Under-Sampling - Building a sample dataset 

In [None]:
legit_sample = legit.sample(n=492)  # take random data points

In [None]:
# concatenating two DataFrames

new_dataset = pd.concat([legit_sample,fraud],axis = 0)

In [None]:
new_dataset.head()

In [None]:
new_dataset["Class"].value_counts()

In [None]:
new_dataset.groupby("Class").mean()     

In [None]:
X = new_dataset.drop(columns = "Class",axis = 1)
Y = new_dataset["Class"]

In [None]:
print(X)

In [None]:
print(Y)

In [None]:
# Split the data into training and test data

X_train, X_test, Y_train, Y_test = train_test_split(X,Y,test_size = 0.2,stratify = Y,random_state = 2)

In [None]:
print(X.shape,X_train.shape,X_test.shape)

**Model Training**

In [None]:
# Logistic Regression 

datamodel = LogisticRegression()

In [None]:
# training the logistic regression model with Training data

datamodel.fit(X_train,Y_train)

**Model Evaluation**

In [None]:
# accuracy on training data

X_train_prediction = datamodel.predict(X_train)
training_data_accuracy = accuracy_score(X_train_prediction, Y_train)
print("Accuracy : ",training_data_accuracy)

In [None]:
# accuracy on testing data

X_test_prediction = datamodel.predict(X_test)
testing_data_accuracy = accuracy_score(X_test_prediction, Y_test)
print("Accuracy : ",testing_data_accuracy)

In [None]:
# Updating values 

credit_card_data.loc["284802","V2"] = "280000"
credit_card_data

In [None]:
# removing rows having null values

credit_card_data.dropna()

In [None]:
# deleting column 

del credit_card_data["V5"]
credit_card_data

In [None]:
# sorting data by default in ascending order

credit_card_data.sort_values("V4")

In [None]:
# finding data between (1,100)

mask = credit_card_data["V4"].between(1,100)
mask
credit_card_data[mask]

In [None]:
credit_card_data["V4"].duplicated()    # to find if duplicate element exist or not

In [None]:
credit_card_data["V4"].nunique()    # checking for unique elements in V5 column

In [None]:
credit_card_data.iloc[0]      # accessing value using numeric index

In [None]:
credit_card_data.iloc[[0,100,1000]]    # shows dataframe as multiple values

In [None]:
credit_card_data.sample(n = 4,axis = 1)   # number of random columns

In [None]:
credit_card_data.sample(frac = 0.3)    # we want 30 percent of the original data

In [None]:
credit_card_data.nsmallest(1,"V4")

In [None]:
credit_card_data.index.get_level_values(0)   # fetching index

In [None]:
credit_card_data["V6"] = credit_card_data["V6"].mul(2)
credit_card_data

In [None]:
# Adding new column 

credit_card_data["Payment"] = "1000"
credit_card_data

In [None]:
# inserting new column at index 4 having value as "online"

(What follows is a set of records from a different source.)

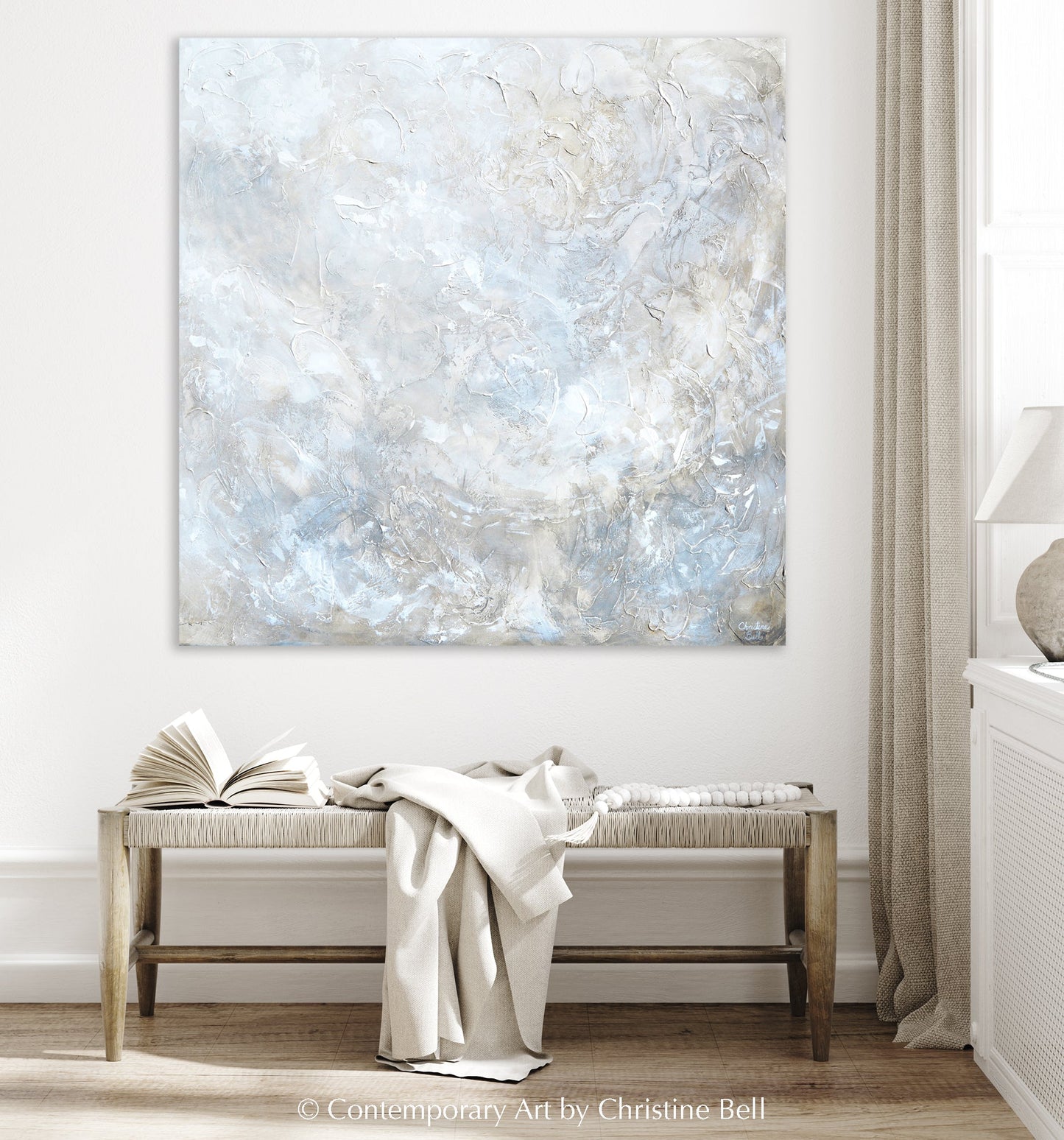 "Silhouette" ORIGINAL TEXTURED Neutral Coastal Abstract Painting, XL 48x48"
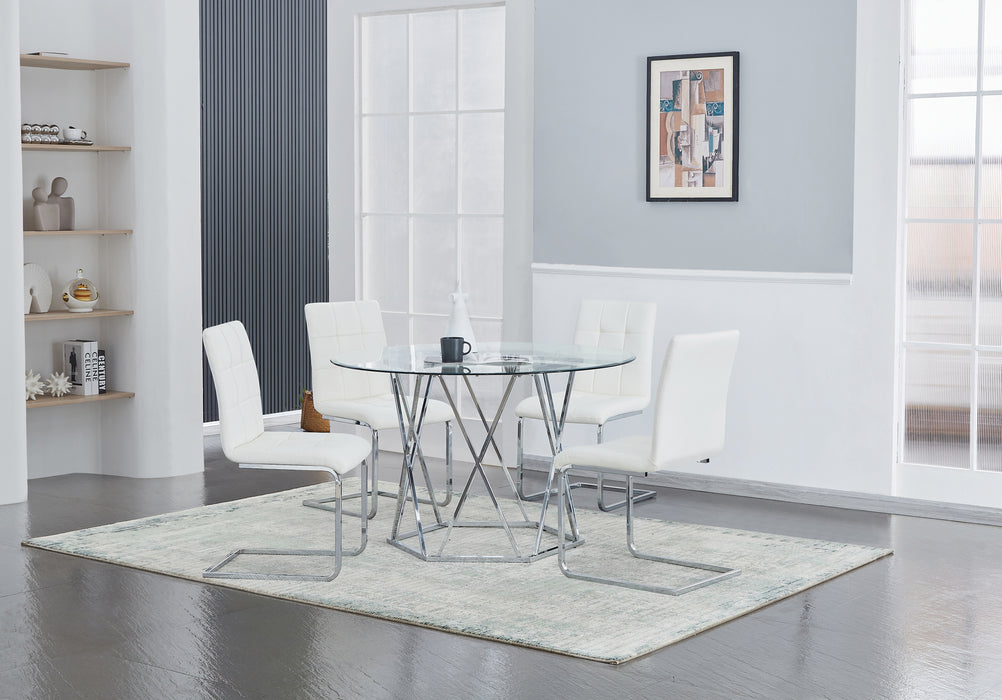 Modern Round Glass Table with White C Frame Design Chairs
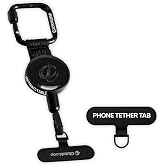 ClutchLoop Retractable Anti-Theft Phone Tether Lanyard Locking Carabiner | Phone Leash with Steel Cable &amp; Tether Tab. Ideal for Festivals, Hiking, Skiing, Fishing &amp; Travel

credit_card_data.insert(4,"Mode_","online")
credit_card_data

**DATA VISUALIZATION**

In [None]:
def countplot_data(data,feature):
    plt.figure(figsize = (5,5))
    sns.countplot(x = feature, data = data,palette = "Set1")   # countplot is used to display the count of categorical observations 
    
    plt.title("Transaction Class Distribution")
    plt.show()
def paiplot_data_grid(data,feature1,feature2,target):
    sns.FaceGrid(data,hue = target,height = 6).map(plt.scatter,feature1, feature2).add_legend()
    plt.xticks(range(2),LABELS)
    plt.legend()
    plt.show()
countplot_data(credit_card_data,credit_card_data.Class)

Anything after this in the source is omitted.